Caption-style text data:
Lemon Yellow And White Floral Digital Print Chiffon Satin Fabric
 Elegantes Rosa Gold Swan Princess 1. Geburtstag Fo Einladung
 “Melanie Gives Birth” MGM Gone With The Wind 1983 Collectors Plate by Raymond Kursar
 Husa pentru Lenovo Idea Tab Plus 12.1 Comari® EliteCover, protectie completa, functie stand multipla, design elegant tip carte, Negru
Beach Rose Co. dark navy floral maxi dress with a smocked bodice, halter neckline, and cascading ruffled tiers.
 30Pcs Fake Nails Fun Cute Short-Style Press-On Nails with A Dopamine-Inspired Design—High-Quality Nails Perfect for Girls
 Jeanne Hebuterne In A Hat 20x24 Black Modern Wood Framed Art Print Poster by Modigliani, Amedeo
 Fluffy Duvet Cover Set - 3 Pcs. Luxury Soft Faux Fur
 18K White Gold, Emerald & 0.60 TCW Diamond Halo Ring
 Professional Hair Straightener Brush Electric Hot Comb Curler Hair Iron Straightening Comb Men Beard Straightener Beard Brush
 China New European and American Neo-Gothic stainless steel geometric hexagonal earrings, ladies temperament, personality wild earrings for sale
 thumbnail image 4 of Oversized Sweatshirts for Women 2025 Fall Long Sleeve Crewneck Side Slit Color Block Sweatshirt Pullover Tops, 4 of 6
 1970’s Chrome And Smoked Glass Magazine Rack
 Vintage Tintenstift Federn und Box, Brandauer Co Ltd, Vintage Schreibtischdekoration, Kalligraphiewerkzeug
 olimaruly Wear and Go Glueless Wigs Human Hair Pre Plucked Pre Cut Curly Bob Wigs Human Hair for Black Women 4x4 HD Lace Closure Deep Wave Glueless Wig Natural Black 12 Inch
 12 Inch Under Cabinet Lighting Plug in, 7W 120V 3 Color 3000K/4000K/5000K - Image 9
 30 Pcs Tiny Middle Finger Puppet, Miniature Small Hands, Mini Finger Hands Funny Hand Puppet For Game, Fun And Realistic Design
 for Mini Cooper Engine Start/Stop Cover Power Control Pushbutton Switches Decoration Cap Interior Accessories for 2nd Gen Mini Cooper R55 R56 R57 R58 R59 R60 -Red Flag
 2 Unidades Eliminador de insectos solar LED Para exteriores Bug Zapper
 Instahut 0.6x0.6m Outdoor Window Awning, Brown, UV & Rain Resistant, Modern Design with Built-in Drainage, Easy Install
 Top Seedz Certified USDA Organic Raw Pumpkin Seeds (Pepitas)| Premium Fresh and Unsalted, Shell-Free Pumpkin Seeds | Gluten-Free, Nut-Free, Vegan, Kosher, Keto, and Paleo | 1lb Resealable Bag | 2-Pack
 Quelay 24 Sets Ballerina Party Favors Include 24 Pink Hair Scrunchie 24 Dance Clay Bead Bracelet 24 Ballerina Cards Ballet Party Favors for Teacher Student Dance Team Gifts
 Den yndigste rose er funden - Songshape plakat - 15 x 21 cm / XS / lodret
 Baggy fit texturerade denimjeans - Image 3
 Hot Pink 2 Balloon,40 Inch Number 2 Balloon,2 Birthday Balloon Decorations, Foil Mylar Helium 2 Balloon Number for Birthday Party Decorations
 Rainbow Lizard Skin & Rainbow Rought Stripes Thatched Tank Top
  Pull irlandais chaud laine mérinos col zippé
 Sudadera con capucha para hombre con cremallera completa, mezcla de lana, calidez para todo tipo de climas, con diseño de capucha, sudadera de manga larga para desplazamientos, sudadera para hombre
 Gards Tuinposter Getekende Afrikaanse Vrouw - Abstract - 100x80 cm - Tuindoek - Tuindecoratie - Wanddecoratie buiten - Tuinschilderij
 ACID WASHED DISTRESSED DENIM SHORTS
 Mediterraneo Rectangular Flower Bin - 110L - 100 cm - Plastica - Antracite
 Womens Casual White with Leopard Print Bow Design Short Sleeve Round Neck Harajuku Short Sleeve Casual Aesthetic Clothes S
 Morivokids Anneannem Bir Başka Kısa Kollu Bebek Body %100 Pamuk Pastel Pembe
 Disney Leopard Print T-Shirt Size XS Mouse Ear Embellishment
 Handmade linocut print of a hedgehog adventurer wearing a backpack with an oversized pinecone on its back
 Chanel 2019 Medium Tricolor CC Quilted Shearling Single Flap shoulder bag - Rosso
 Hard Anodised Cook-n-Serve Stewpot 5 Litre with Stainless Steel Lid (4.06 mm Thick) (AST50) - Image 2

▶ [Your assignment]: You are asked to transcribe all of the data above exactly.

▶ [Response box]:
Lemon Yellow And White Floral Digital Print Chiffon Satin Fabric
 Elegantes Rosa Gold Swan Princess 1. Geburtstag Fo Einladung
 “Melanie Gives Birth” MGM Gone With The Wind 1983 Collectors Plate by Raymond Kursar
 Husa pentru Lenovo Idea Tab Plus 12.1 Comari® EliteCover, protectie completa, functie stand multipla, design elegant tip carte, Negru
Beach Rose Co. dark navy floral maxi dress with a smocked bodice, halter neckline, and cascading ruffled tiers.
 30Pcs Fake Nails Fun Cute Short-Style Press-On Nails with A Dopamine-Inspired Design—High-Quality Nails Perfect for Girls
 Jeanne Hebuterne In A Hat 20x24 Black Modern Wood Framed Art Print Poster by Modigliani, Amedeo
 Fluffy Duvet Cover Set - 3 Pcs. Luxury Soft Faux Fur
 18K White Gold, Emerald & 0.60 TCW Diamond Halo Ring
 Professional Hair Straightener Brush Electric Hot Comb Curler Hair Iron Straightening Comb Men Beard Straightener Beard Brush
 China New European and American Neo-Gothic stainless steel geometric hexagonal earrings, ladies temperament, personality wild earrings for sale
 thumbnail image 4 of Oversized Sweatshirts for Women 2025 Fall Long Sleeve Crewneck Side Slit Color Block Sweatshirt Pullover Tops, 4 of 6
 1970’s Chrome And Smoked Glass Magazine Rack
 Vintage Tintenstift Federn und Box, Brandauer Co Ltd, Vintage Schreibtischdekoration, Kalligraphiewerkzeug
 olimaruly Wear and Go Glueless Wigs Human Hair Pre Plucked Pre Cut Curly Bob Wigs Human Hair for Black Women 4x4 HD Lace Closure Deep Wave Glueless Wig Natural Black 12 Inch
 12 Inch Under Cabinet Lighting Plug in, 7W 120V 3 Color 3000K/4000K/5000K - Image 9
 30 Pcs Tiny Middle Finger Puppet, Miniature Small Hands, Mini Finger Hands Funny Hand Puppet For Game, Fun And Realistic Design
 for Mini Cooper Engine Start/Stop Cover Power Control Pushbutton Switches Decoration Cap Interior Accessories for 2nd Gen Mini Cooper R55 R56 R57 R58 R59 R60 -Red Flag
 2 Unidades Eliminador de insectos solar LED Para exteriores Bug Zapper
 Instahut 0.6x0.6m Outdoor Window Awning, Brown, UV & Rain Resistant, Modern Design with Built-in Drainage, Easy Install
 Top Seedz Certified USDA Organic Raw Pumpkin Seeds (Pepitas)| Premium Fresh and Unsalted, Shell-Free Pumpkin Seeds | Gluten-Free, Nut-Free, Vegan, Kosher, Keto, and Paleo | 1lb Resealable Bag | 2-Pack
 Quelay 24 Sets Ballerina Party Favors Include 24 Pink Hair Scrunchie 24 Dance Clay Bead Bracelet 24 Ballerina Cards Ballet Party Favors for Teacher Student Dance Team Gifts
 Den yndigste rose er funden - Songshape plakat - 15 x 21 cm / XS / lodret
 Baggy fit texturerade denimjeans - Image 3
 Hot Pink 2 Balloon,40 Inch Number 2 Balloon,2 Birthday Balloon Decorations, Foil Mylar Helium 2 Balloon Number for Birthday Party Decorations
 Rainbow Lizard Skin & Rainbow Rought Stripes Thatched Tank Top
  Pull irlandais chaud laine mérinos col zippé
 Sudadera con capucha para hombre con cremallera completa, mezcla de lana, calidez para todo tipo de climas, con diseño de capucha, sudadera de manga larga para desplazamientos, sudadera para hombre
 Gards Tuinposter Getekende Afrikaanse Vrouw - Abstract - 100x80 cm - Tuindoek - Tuindecoratie - Wanddecoratie buiten - Tuinschilderij
 ACID WASHED DISTRESSED DENIM SHORTS
 Mediterraneo Rectangular Flower Bin - 110L - 100 cm - Plastica - Antracite
 Womens Casual White with Leopard Print Bow Design Short Sleeve Round Neck Harajuku Short Sleeve Casual Aesthetic Clothes S
 Morivokids Anneannem Bir Başka Kısa Kollu Bebek Body %100 Pamuk Pastel Pembe
 Disney Leopard Print T-Shirt Size XS Mouse Ear Embellishment
 Handmade linocut print of a hedgehog adventurer wearing a backpack with an oversized pinecone on its back
 Chanel 2019 Medium Tricolor CC Quilted Shearling Single Flap shoulder bag - Rosso
 Hard Anodised Cook-n-Serve Stewpot 5 Litre with Stainless Steel Lid (4.06 mm Thick) (AST50) - Image 2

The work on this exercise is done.